Don't use hot glue for anything connected with a table saw. That is a recipe for a major accident. There is very little strength in hot melt glue and very undependable and likely to come unglued while you are making a cut. 

The only thing I can suggest is to cut the wood to the 6" finished width and then cut the board to it's 22" length with your sled. If it were me using solid wood I would rip the wood 6 1/8" wide and take a sixteenth off each side on the jointer and then cut the part to length.


----------



## johnep (Apr 12, 2007)

My first exercise at school woodwork class was making a square edge piece of wood using a hand plane and square.
johnep


----------



## Maylar (Sep 3, 2013)

Sure, double sided tape can hold a straightedge to your panel and use that as a reference against the rip fence to rip one side. Then remove the temporary straightedge, flip the panel over, and rip the opposite side to width. Those 2 parallel edges can now be used as a reference edge on your crosscut sled to make the panel square.


----------



## Ron_J (Sep 22, 2014)

It sure sounds like the sled is not square. Try this to make sure it's square...


----------



## GeorgeC (Jul 30, 2008)

I think that Scott is confusing the terms square and parallel. That is causing him and us confusion.

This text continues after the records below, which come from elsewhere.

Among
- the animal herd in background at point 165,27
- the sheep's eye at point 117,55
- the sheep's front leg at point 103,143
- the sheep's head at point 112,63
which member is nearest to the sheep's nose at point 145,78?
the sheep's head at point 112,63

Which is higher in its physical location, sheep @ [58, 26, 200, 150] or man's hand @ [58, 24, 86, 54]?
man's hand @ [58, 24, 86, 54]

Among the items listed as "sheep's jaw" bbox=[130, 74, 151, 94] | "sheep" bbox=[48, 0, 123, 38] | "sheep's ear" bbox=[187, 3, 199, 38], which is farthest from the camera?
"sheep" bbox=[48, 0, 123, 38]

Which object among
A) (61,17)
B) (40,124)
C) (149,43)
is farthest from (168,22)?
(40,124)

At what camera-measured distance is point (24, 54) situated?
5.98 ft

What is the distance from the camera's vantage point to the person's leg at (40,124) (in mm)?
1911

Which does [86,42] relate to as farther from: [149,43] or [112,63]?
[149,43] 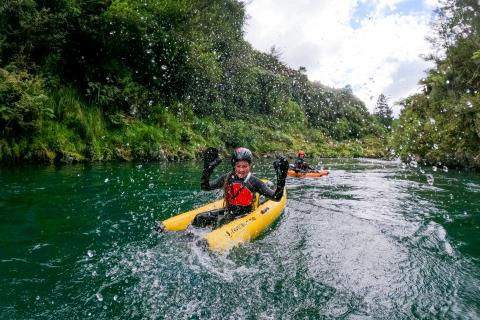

You get the two edges PARALLEL by ripping. Two opposite edges (sides) of the board are always parallel to each other.( at least they are not if you want a square or rectangular figure.) Ends and edges are SQUARE to each other. You get this cut on the sled. The two ends would also be parallel to each other. 



George


----------



## andr0id (Jan 11, 2018)

Square EDGE = the edge of the cut is 90 degrees to the surface of the material. Example: The narrow edge of a 1 x 4. Made on a jointer with fence at 90 or table saw with blade at 90 angle to top.


Square CUT = A cut that is exactly perpendicular to another side on the same piece forming a 90 degree angle. Made with crosscut sled or miter guide on table saw or 0 position on a miter saw.


Parallel SIDES = sides that are same distance from each other wherever measured perpendicular to one side. Rips cuts against the fence of a table saw that is properly set up. 



Parallel FACES = Uniform thickness board often made by running lumber with one smooth flat side through the planer.


----------



## FrankC (Aug 24, 2012)

To straighten the plywood cut you need to make a carrier for your table saw;

http://www.benchnotes.com/Taper and Straight Edge Jig/taper_and_straight_edge_ji.htm

If you don't have any plywood with a factory edge most lumber yard sell partial sheets of plywood, select one with a factory edge and use that for your base.

Once you get one straight edge you can then rip it to have two parallel edges, the square cross cuts will be done with your sled.


----------



## NewBi (Mar 23, 2017)

FrankC said:


> To straighten the plywood cut you need to make a carrier for your table saw;
> 
> http://www.benchnotes.com/Taper and Straight Edge Jig/taper_and_straight_edge_ji.htm
> 
> ...



This is your answer Scott, I hope you see this post.

Gary


----------